Budapest, Hungary, July 1 - The World Conference on Science ended in Budapest today having set the premise for a global alliance linking science communities, political decision-makers and civil society to increase resources for scientific research; favour knowledge sharing with an emphasis on the need to bridge the North-South science and technology knowledge gap; and harness science and technology to work responsibly, with a clearer ethical vision, towards overcoming and preventing potentially disastrous societal problems.

The 6-day "World Conference on Science: Science for the 21st Century - a new commitment" offered a forum for debate about major science and related societal issues and produced two documents, a Declaration and a Framework for Action, platforms on which to shape the course of science, research and science-society relations in the new millennium.

A total of 1,800 science stakeholders from 155 countries - including 90 ministers and deputy ministers in charge of science and/or research - took part in the conference.
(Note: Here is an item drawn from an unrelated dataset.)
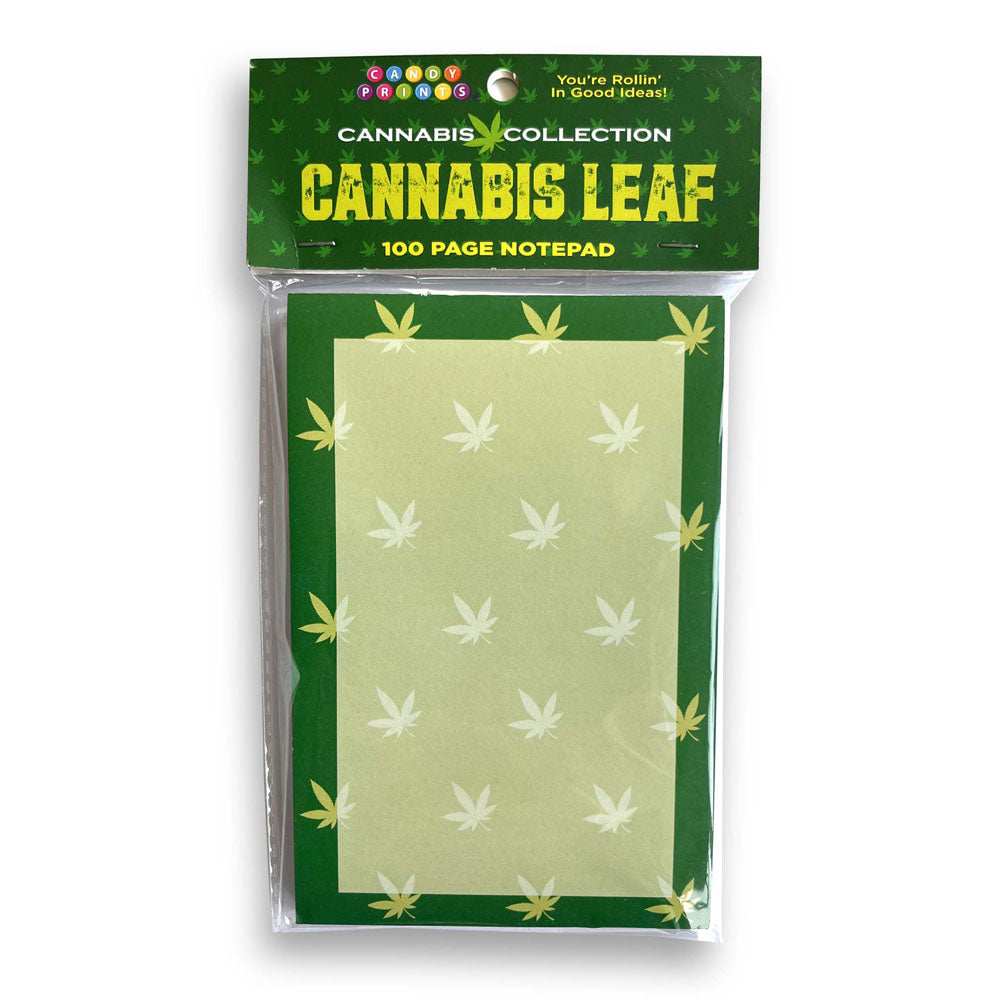 Little Genie Cannabis Leaf Novelty Notepad 100 Pages Default Title Party Gifts and Novelties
National, regional and international non-governmental organisations involved in science attended, as did intergovernmental organisations, notably the World Health Organization (WHO), the Food and Agriculture Organization (FAO), the Organization for Economic Cooperation and Development (OECD), the World Meteorological Organization (WMO), and the World Intellectual Property Organization (WIPO).

Participants at the Conference, which was divided into three Forums and 25 thematic meetings, agreed about some fundamental principles and priorities that should be observed in policy-making at all levels: the ethical implications of science; the need for knowledge sharing to be preserved despite industry's demand for secrecy; the need to maintain a balance between fundamental and applied research; to improve public perception of and involvement in science; to reinforce scientific teaching and research everywhere, particularly in the developing world; to abolish the barriers and stereotypes that limit women's ability to engage in science; and the need for science to serve the interests of sustainable development, peace and democracy.

A call for the difference between Western and Oriental scientific traditions to be understood better and differences harmonised was issued in a debate on the "Nature of Science" which focused on the history of science and took note of the general public's paradoxical attitude of utilitarianism and anxiety regarding scientific developments.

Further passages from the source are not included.